EXERCISE DETAILS:
Restate word for word the lines of the records below, starting at the line that contains "Nike KD 15 TB Black White Speckled, view 3" and ending at the line that contains "Magnésio elemental 725mg", with both of those lines included and nothing else.

INFORMATION PROVIDED:
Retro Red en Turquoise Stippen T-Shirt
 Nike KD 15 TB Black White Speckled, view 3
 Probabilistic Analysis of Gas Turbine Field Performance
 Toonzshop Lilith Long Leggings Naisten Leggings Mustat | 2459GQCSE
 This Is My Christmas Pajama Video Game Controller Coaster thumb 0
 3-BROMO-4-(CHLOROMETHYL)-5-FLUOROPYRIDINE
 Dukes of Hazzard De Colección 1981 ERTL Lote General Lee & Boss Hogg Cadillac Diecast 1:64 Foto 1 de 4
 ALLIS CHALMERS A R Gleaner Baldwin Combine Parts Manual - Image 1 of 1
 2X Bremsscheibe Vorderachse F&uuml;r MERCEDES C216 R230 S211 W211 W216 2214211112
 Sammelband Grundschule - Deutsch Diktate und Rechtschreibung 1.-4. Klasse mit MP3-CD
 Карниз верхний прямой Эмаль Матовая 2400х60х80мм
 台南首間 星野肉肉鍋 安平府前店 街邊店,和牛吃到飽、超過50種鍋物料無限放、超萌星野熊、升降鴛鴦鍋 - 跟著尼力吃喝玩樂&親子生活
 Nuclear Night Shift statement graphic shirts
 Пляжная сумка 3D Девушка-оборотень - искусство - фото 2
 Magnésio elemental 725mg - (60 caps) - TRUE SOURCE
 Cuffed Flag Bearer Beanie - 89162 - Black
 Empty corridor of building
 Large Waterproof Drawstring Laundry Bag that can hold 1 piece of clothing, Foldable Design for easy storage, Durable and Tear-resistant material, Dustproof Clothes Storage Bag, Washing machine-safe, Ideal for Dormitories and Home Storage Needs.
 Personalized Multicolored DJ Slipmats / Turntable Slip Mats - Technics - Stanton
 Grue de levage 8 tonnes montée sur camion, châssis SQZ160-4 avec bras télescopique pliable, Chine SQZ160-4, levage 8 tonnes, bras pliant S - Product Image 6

FINAL ANSWER:
 Nike KD 15 TB Black White Speckled, view 3
 Probabilistic Analysis of Gas Turbine Field Performance
 Toonzshop Lilith Long Leggings Naisten Leggings Mustat | 2459GQCSE
 This Is My Christmas Pajama Video Game Controller Coaster thumb 0
 3-BROMO-4-(CHLOROMETHYL)-5-FLUOROPYRIDINE
 Dukes of Hazzard De Colección 1981 ERTL Lote General Lee & Boss Hogg Cadillac Diecast 1:64 Foto 1 de 4
 ALLIS CHALMERS A R Gleaner Baldwin Combine Parts Manual - Image 1 of 1
 2X Bremsscheibe Vorderachse F&uuml;r MERCEDES C216 R230 S211 W211 W216 2214211112
 Sammelband Grundschule - Deutsch Diktate und Rechtschreibung 1.-4. Klasse mit MP3-CD
 Карниз верхний прямой Эмаль Матовая 2400х60х80мм
 台南首間 星野肉肉鍋 安平府前店 街邊店,和牛吃到飽、超過50種鍋物料無限放、超萌星野熊、升降鴛鴦鍋 - 跟著尼力吃喝玩樂&親子生活
 Nuclear Night Shift statement graphic shirts
 Пляжная сумка 3D Девушка-оборотень - искусство - фото 2
 Magnésio elemental 725mg - (60 caps) - TRUE SOURCE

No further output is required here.